▸ WORK REQUEST
Set down every line of the data exactly, skipping the pictures.

------

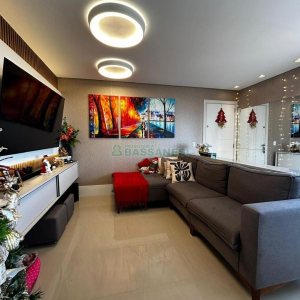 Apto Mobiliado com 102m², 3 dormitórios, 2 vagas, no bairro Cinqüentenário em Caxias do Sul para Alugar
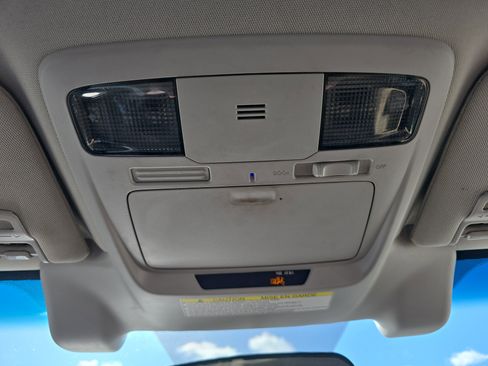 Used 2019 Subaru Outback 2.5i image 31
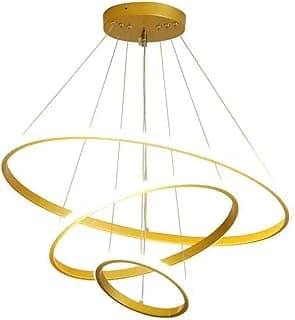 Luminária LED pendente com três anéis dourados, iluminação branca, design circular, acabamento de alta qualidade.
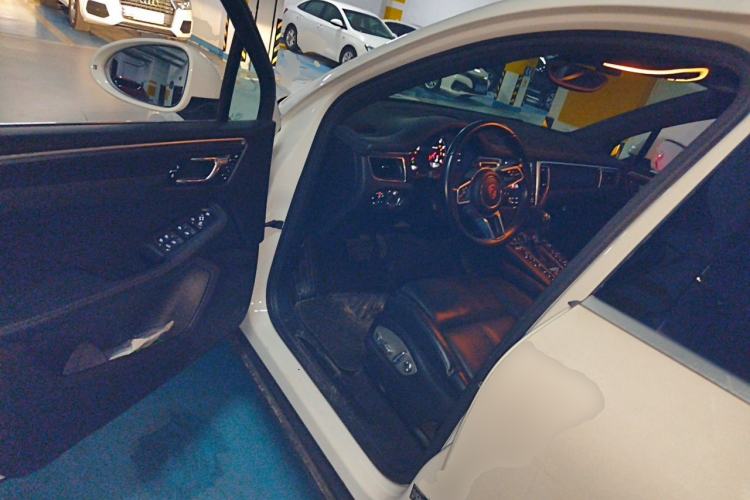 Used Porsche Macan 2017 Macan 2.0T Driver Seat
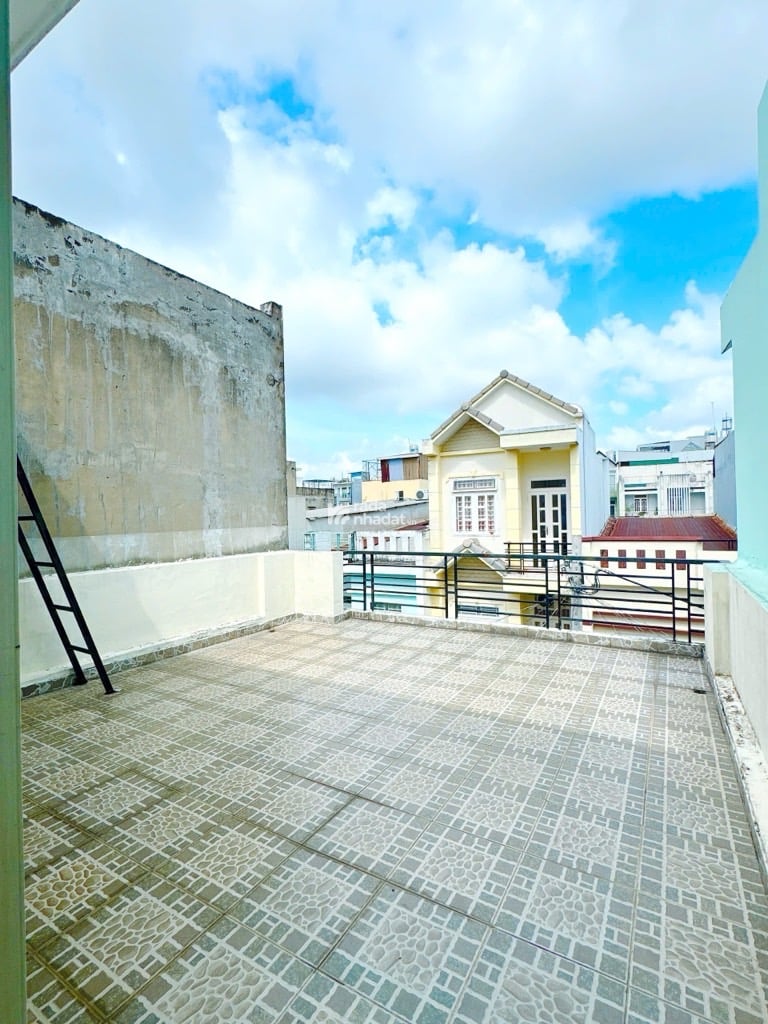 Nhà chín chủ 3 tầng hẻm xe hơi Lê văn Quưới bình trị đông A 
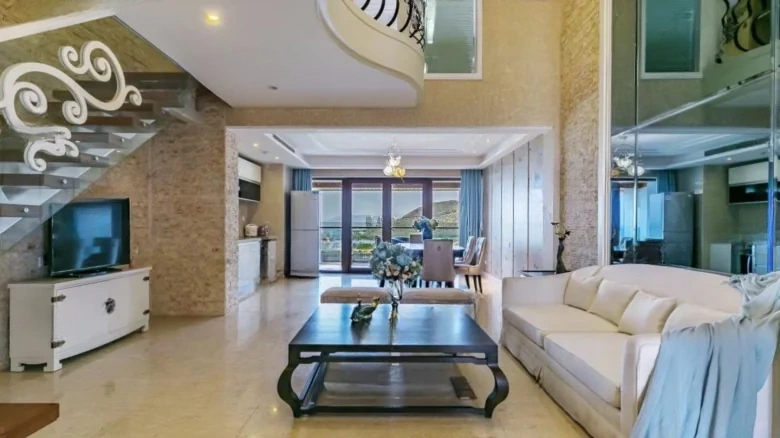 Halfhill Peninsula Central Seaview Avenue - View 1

------

▸ EXPECTED ANSWER
 Apto Mobiliado com 102m², 3 dormitórios, 2 vagas, no bairro Cinqüentenário em Caxias do Sul para Alugar
 Used 2019 Subaru Outback 2.5i image 31
 Luminária LED pendente com três anéis dourados, iluminação branca, design circular, acabamento de alta qualidade.
 Used Porsche Macan 2017 Macan 2.0T Driver Seat
 Nhà chín chủ 3 tầng hẻm xe hơi Lê văn Quưới bình trị đông A 
 Halfhill Peninsula Central Seaview Avenue - View 1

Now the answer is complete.